=== WHAT THIS TASK INVOLVES ===
Your reply should hold exactly the lines from the one that contains "傍晚踩上象山步道石階往上走，剛好收進台北101與信義區最剛好的光影" through the end of the data. Repeat them word for word.

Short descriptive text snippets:
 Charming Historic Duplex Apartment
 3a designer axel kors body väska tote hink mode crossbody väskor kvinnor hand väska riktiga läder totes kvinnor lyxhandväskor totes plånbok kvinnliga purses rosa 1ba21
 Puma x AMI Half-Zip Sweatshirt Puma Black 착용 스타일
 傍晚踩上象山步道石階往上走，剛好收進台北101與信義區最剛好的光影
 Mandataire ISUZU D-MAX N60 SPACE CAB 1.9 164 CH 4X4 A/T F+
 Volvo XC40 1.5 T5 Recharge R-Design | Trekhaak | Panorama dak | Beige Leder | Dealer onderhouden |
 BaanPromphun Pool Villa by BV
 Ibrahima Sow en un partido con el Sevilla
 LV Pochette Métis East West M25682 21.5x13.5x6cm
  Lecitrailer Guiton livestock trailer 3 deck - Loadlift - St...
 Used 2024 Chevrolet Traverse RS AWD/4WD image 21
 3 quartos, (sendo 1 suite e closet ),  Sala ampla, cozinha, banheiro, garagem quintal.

=== THE COMPLETED TASK ===
 傍晚踩上象山步道石階往上走，剛好收進台北101與信義區最剛好的光影
 Mandataire ISUZU D-MAX N60 SPACE CAB 1.9 164 CH 4X4 A/T F+
 Volvo XC40 1.5 T5 Recharge R-Design | Trekhaak | Panorama dak | Beige Leder | Dealer onderhouden |
 BaanPromphun Pool Villa by BV
 Ibrahima Sow en un partido con el Sevilla
 LV Pochette Métis East West M25682 21.5x13.5x6cm
  Lecitrailer Guiton livestock trailer 3 deck - Loadlift - St...
 Used 2024 Chevrolet Traverse RS AWD/4WD image 21
 3 quartos, (sendo 1 suite e closet ),  Sala ampla, cozinha, banheiro, garagem quintal.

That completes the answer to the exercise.